As experimental results on the performance of manifold learning and other machine learning based on quasiconformal kernel and quasiconformal multiple kernels, we can conclude that, the quasiconformal kernel-based manifold learning performs better than basic kernel-based manifold learning, and quasiconformal multiple kernels outperform other methods. Kernel trick is an effective method to solve the nonlinear problems of machine learning, and the recognition accuracy and prediction accuracy are largely increased with the nonlinear kernel mapping. There is no any kernel which is adaptive to all applications of detecting intrinsic information for the complicate sample data. The multiple kernel-based manifold learning has different kernel representations for the different feature subspaces, and multiple-kernel learning is a feature extraction method of combining many features. So, the multikernel-based manifold learning performs better than the single feature extraction on the data. The proposed framework is to solve the selection of function and parameter of kernel, which have heavy influences on the performance of kernel-based learning system. Quasiconformal single-kernel structure changes the data structure in the kernel empirical space. And then, quasiconformal multiple kernels are combined to more precisely characterize the data for improving performance on solving complex visual learning tasks, so the proposed framework outperforms others in the different datasets.

Moreover, we implement many experiments with the recognition accuracy, and we do not consider the efficiency in the experiments.
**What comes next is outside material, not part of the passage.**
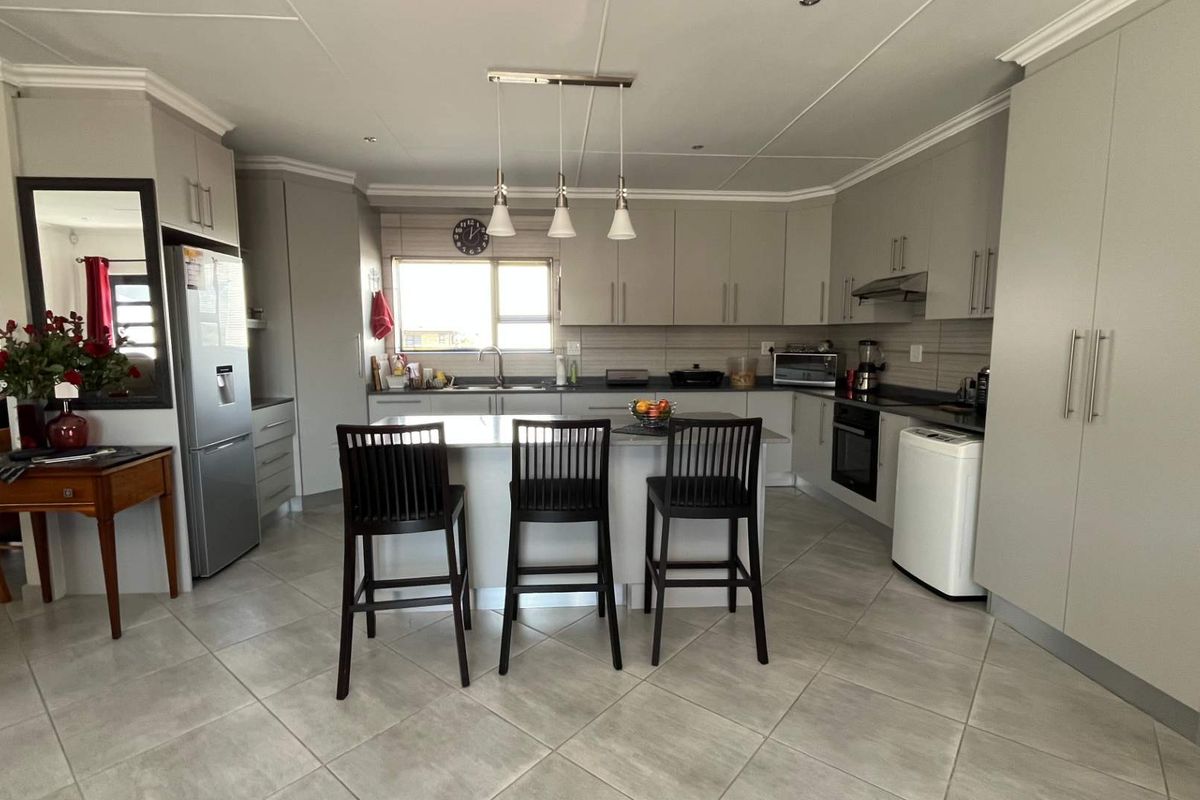 Modern kitchen featuring light grey cabinetry, a central island with breakfast bar seating, tiled flooring, and integrated appliances.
The procedure includes three procedures of multiple kernels optimization, training and testing for general kernel-based manifold learning application. The optimization procedure costs more time, but the kernel optimization procedure can be implemented off-line. So the kernel optimization-based manifold learning does not cost much time on the online application. In the training steps, the optimal parameters are solved through iteration optimization, and the procedure will cost much time. While in the test stage, it needs the additional less time consuming. So, it has the little influence on the learning efficiency.

4 Conclusion

This paper presents a novel framework of manifold multiple-kernel learning, and it applies quasiconformal multiple-kernel model to increase the data description ability. Some experiments are implemented to evaluate the multiple kernel and quasiconformal kernel. The proposed framework performs better compared with the traditional methods. The framework preserves the good structure of data distribution for classification with the quasiconformal mapping-based multiple-kernel model. And the model has the maximum class discriminant ability of data in the nonlinear manifold feature space. So, the proposed method is a promising dimensionality reduction method on data processing, especially on hyperspectral image processing. The proposed manifold learning is a promising dimensionality reduction method on data processing, especially on hyperspectral data processing, and it preserves the local embedding. The proposed framework can be applied to many applications, for example, image retrieval, video classification, speech recognition, and so on.